Wednesday, February 1, 2023

Gerth of a Nation

Mae Marsh hearing no evil in Birth of a Nation (1915).


Why Trump was forced to fire the FBI director, according to Jeff Gerth in the august pages of the Columbia Jourmalism Review, of all places:

Trump, by the spring of 2017, was more than uneasy with Comey. In one of his chats [the ones that so alarmed Comey that he memorialized them in detail after each meeting, but Gerth doesn't mention that, or the way Trump kept asking Comey for a statement of personal loyalty] , he told the director his policies were “bad” for Russia because he wanted “more oil and more nukes” and the FBI inquiry was creating a “cloud” over his dealings with foreign leaders, according to Comey’s notes.

Because the investigation was getting in the way of his plans to get more oil and nukes. Which would be bad for Russia. Comey was actually preventing him from being bad for Russia. This had to stop! 

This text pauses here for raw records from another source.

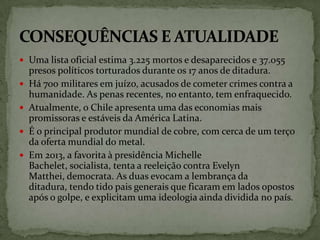  Uma lista oficial estima 3.225 mortos e desaparecidos e 37.055






presos políticos torturados durante os 17 anos ...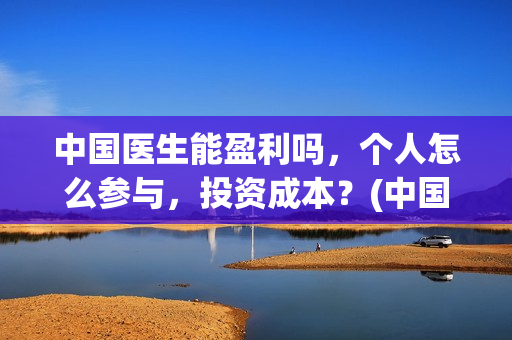 中国医生能盈利吗，个人怎么参与，投资成本？(中国医生还可以投资吗)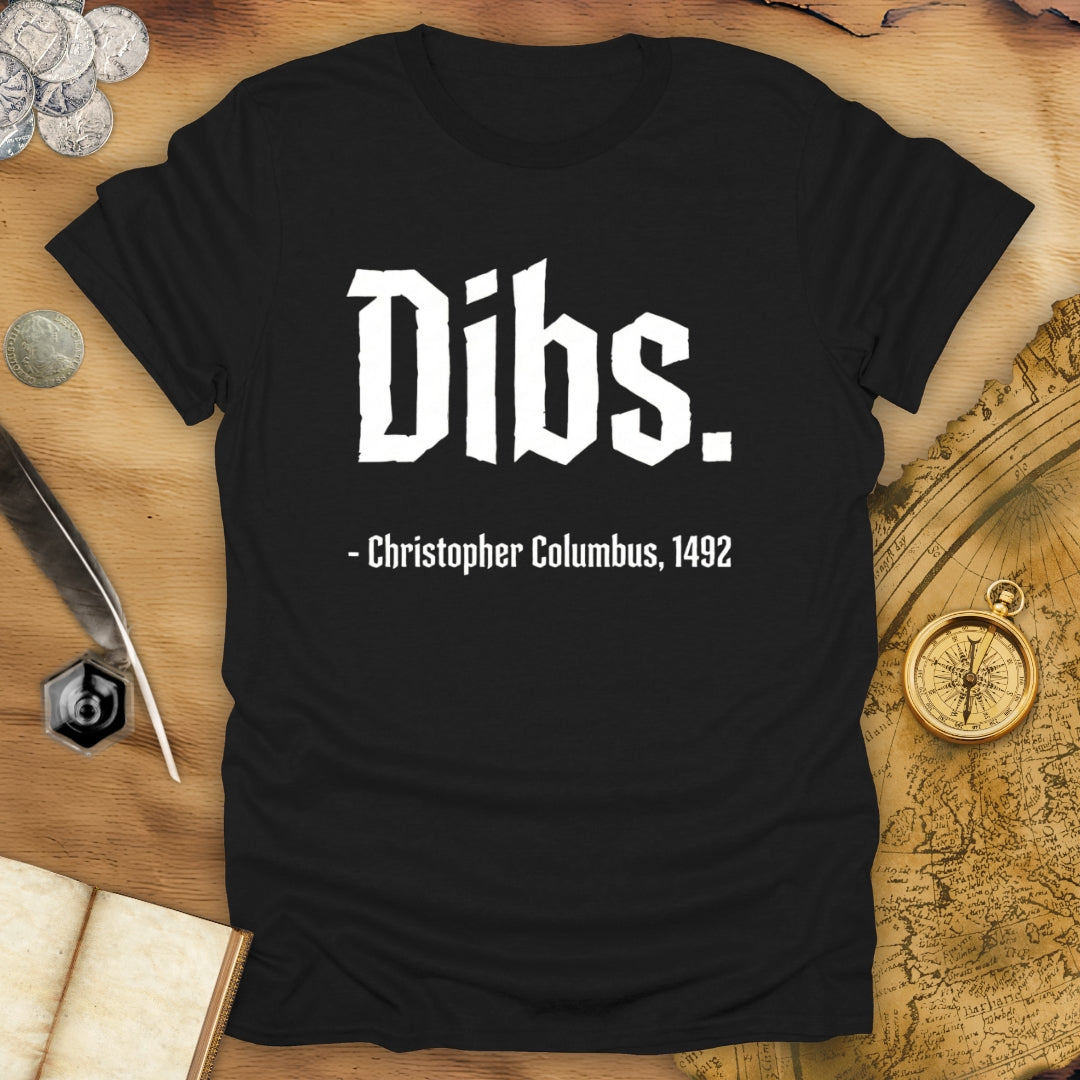 Dibs Christopher Columbus T-Shirt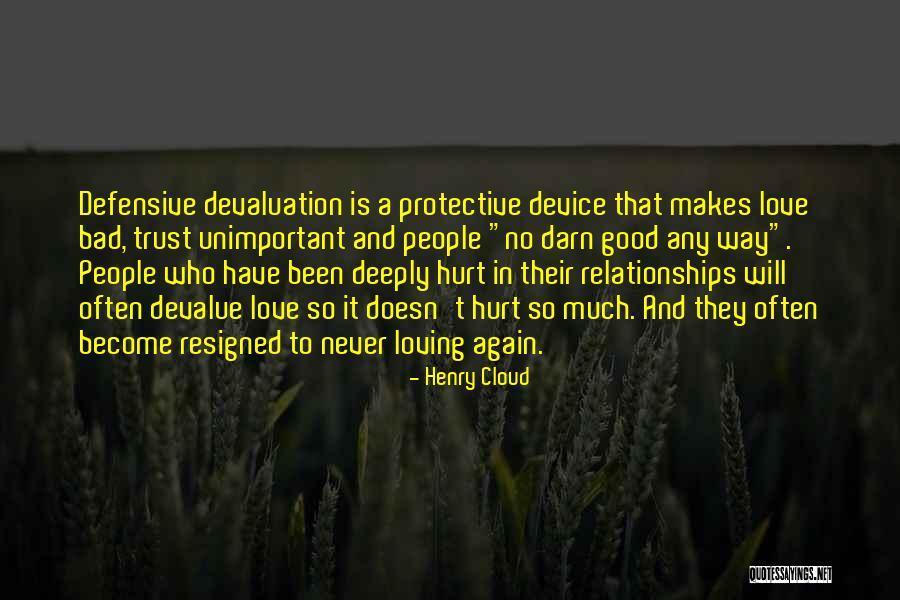 Been Hurt By Someone You Love Quotes By Henry Cloud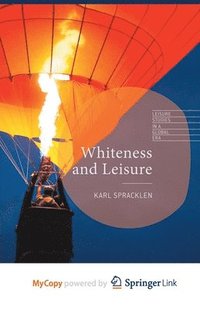 bokomslag Whiteness and Leisure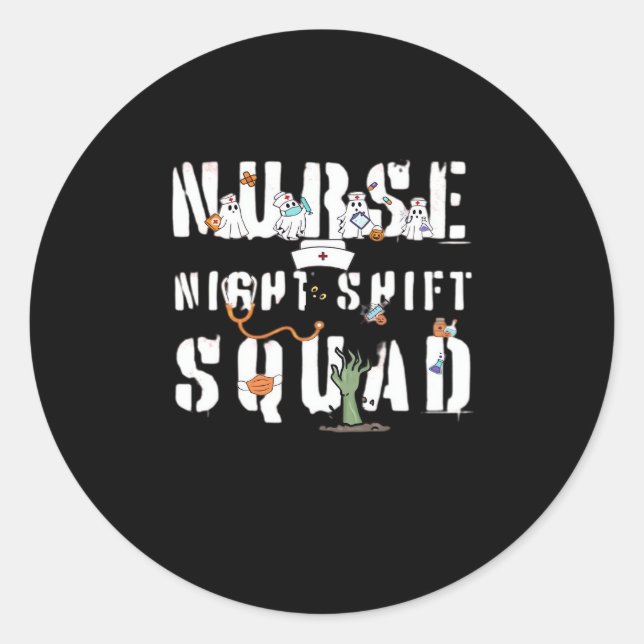 Nurse Night Shift Halloween Squad Classic T - Shir Runder Aufkleber (Vorderseite)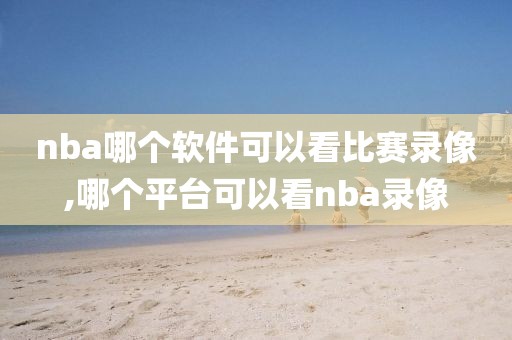 nba哪个软件可以看比赛录像,哪个平台可以看nba录像-第1张图片-雷速体育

Finally, he had enough. Trump met with senior officials, and his deputy counsel told him that firing Comey would prolong, not curb, the FBI investigation and possibly result in the appointment of a special counsel, according to lawyers briefed on the meeting.

“The president acknowledged” the dire prognosis in the meeting, according to William Barr, who, as attorney general in 2019, oversaw the end of the Mueller inquiry. But the president didn’t care, declaring, according to Barr: “I’m still going to fire the son of a bitch.”

Barr wasn't a senior official at that point, and wasn't at the meeting he's reporting, of course, any more than he was at the meeting Trump had with Foreign Minister Lavrov and Ambassador Kislyak when Trump explained he'd had to fire the "nutjob" because, "I faced great pressure because of Russia. That’s taken off." 

Gerth displaying the bear trap mind  with which he pinned down Bill Clinton's criminality in his Whitewater investigation 30 years ago. Well, he didn't actually pin down Bill Clinton's criminality, but that was his editors' fault:

Gerth claims that editors, without his knowledge, rewrote his first and best-known Whitewater article and saddled it with factual errors. The unsettling revelation, buried in a Her Way endnote, raises even more questions about Gerth, the Times, and their Whitewater misadventure. (The great Eric Boehlert, back in 2007) 

Now Gerth is jumping on The Times itself the way he jumped on Clinton back in the day, evidently in the hope of providing a road map for the House Select Committee on the Jordanization of Government when the put the paper under the microscope, but just like the early road map (for House Judiciary, I guess), it's a map of leaps that don't add up, and seem to be avoiding particular territories as much as seeking them.

So I'll be fisking more of it later.